Ernst Jünger, un regard
stéréoscopique
Par Luc-Olivier d’Algange

L'œuvre de Jünger dément ce lieu commun
sans cesse colporté que l'intérêt porté aux livres, aux choses écrites,
contredit l'attention portée au monde sensible, aux aspects de la nature et de l'immanence.
Cette alternative imposée entre le sensible et l'intelligible ne reproduit pas
seulement une interprétation erronée de la philosophie platonicienne, elle nous
contraint à n'accéder à l'existence qu'en nous privant de la moitié du monde.
Contre ce nihilisme plus ou moins insidieux, Ernst Jünger inventa ce qu’il
nomme la vision stéréoscopique.
Percevoir en même temps et aux fins d'un accomplissement musical cohérent, mais
de sources différentes, est un acte de l'entendement que presque tout, dans le
monde moderne, nous dissuade d'exercer.
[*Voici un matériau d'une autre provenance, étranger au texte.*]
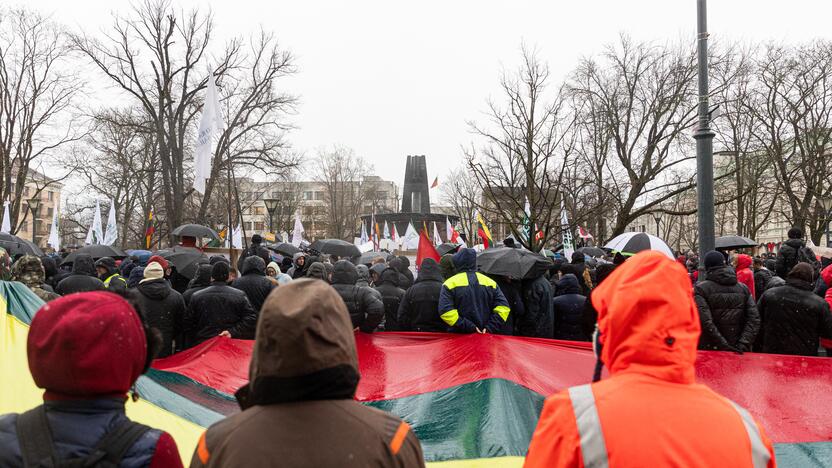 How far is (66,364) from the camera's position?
6.86 feet

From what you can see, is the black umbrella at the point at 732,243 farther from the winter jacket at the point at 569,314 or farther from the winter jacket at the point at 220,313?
the winter jacket at the point at 220,313

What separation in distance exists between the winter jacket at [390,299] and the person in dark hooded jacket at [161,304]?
A: 269cm

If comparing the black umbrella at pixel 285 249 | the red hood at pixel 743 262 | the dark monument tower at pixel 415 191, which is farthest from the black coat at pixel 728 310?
the dark monument tower at pixel 415 191

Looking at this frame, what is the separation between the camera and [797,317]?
7.30 m

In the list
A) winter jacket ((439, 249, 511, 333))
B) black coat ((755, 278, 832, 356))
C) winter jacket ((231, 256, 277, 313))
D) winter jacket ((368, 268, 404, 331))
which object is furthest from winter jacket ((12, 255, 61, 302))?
black coat ((755, 278, 832, 356))

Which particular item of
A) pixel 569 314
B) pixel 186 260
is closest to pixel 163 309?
pixel 186 260

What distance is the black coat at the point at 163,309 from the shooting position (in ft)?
23.3

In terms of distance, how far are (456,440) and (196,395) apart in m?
1.97

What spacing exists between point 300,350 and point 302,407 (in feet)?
0.55

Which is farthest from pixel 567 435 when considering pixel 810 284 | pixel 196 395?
pixel 810 284

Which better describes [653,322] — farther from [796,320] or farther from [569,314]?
[569,314]

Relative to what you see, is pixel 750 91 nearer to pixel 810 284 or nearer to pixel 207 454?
pixel 810 284

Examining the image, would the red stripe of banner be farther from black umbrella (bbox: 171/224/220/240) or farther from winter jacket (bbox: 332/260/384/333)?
black umbrella (bbox: 171/224/220/240)

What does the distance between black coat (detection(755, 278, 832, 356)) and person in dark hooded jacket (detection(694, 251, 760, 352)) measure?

L'œuvre de Jünger nous restitue à cette
vision plénière du monde comme cosmos,
comme ordre, qui embrasse d'un seul regard l'alpha et l'oméga,- à
cette orée où l'entendement se découvre lui-même comme une surface réfléchissante.
La gnose poétique permet à l'homme d'être le miroir du monde, c'est-à-dire d'être,
dans la toute-clarté du mystère, l'infini à lui-même, au lieu de projeter
dérisoirement sur le monde ses propres limites.
Les choses écrites ne nous éloignent pas
des choses du monde car les choses du monde sont également des choses écrites.
La gnose poétique invite l'entendement humain à la circulation des symboles. Ce
que nous recevons du monde et notre écriture sont écrits en nous. Nos mots
s'ordonnent selon notre volonté, certes, mais notre volonté demeure une énigme
morose si nous ne savons point reconnaître en elle le Logos lui-même. La vision
stéréoscopique participe de la métaphysique
expérimentale, praxis de la gnose poétique qui reconnaît dans les choses
elles-mêmes l'éclat du Logos. Dans Grains
de pollen, Novalis écrit: « Comment
un homme comprendrait-il une chose dont il ne porterait pas le germe en lui ?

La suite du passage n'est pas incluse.